REASONS AND CONCLUSION:

29. Question that arises for consideration of this court is whether conditions under
sections 46, 47 and 48 of the Arbitration and Conciliation Act, 1996 are satisfied or not
in this matter for granting reliefs in favour of the petitioner for enforcement of the
arbitral award.

30. It is not in dispute that the respondent has not challenged the said award dated
2nd February 2009 in the country in which it was made. It is the case of the petitioner
that since the said award has achieved finality, petitioner is entitled to seek
enforcement of the said award in this Court since the properties of the respondent are
situated within the territorial jurisdiction of this Court. Petitioner has annexed a
certified copy of the agency agreement dated 1st April 1964 with addendum to this
petition. Petitioner has annexed the original award dated 2nd February 2009 which is
duly signed and authenticated by the learned arbitrators and Secretary of the Tokyo
Maritime Arbitration Commission. Petitioner has also filed an affidavit of Mr Masahiro
Amemiya, a lawyer practicing in Japan. In the said affidavit, the lawyer practicing in
Japan has stated that he has attended the arbitration on behalf of the petitioner in
Japan and had read an award dated 2nd February 2009. Deponent of the said affidavit
has stated that the award has been made in pursuance of the submission to
arbitration which is valid under the laws of Japan.
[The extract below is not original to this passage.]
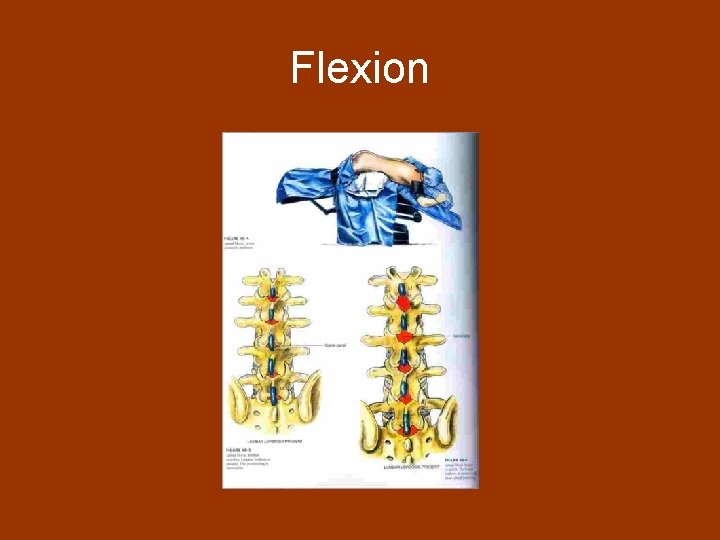 Flexion 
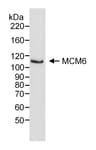 Detection of human MCM6 by western blot.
The subject matter of the award is
capable of settlement under the laws of Japan and is also capable of settlement by
arbitration under the laws of India. The award is in accordance with the reference and
in conformity with the law governing the arbitration procedure and in accordance with
the Code of Civil Procedure of Japan 1890. The award has been made in Japan which
has acceded to the New York Convention on 20th June 1961. The learned advocate has
stated that to his knowledge, no application for setting aside of the award has been
made by the respondent or proceedings to challenge the award has been made by the
respondent within the period of three months from the date of receipt of the award by
the respondent on 4th May 2009 and thus the said award has become final in Japan is
not open to opposition or appeal in Japan. It is stated that the said award is not
contrary to public policy or the law of India. Petitioner has also annexed copy of the
arbitration law of Japan and also the extract of the arbitration procedure.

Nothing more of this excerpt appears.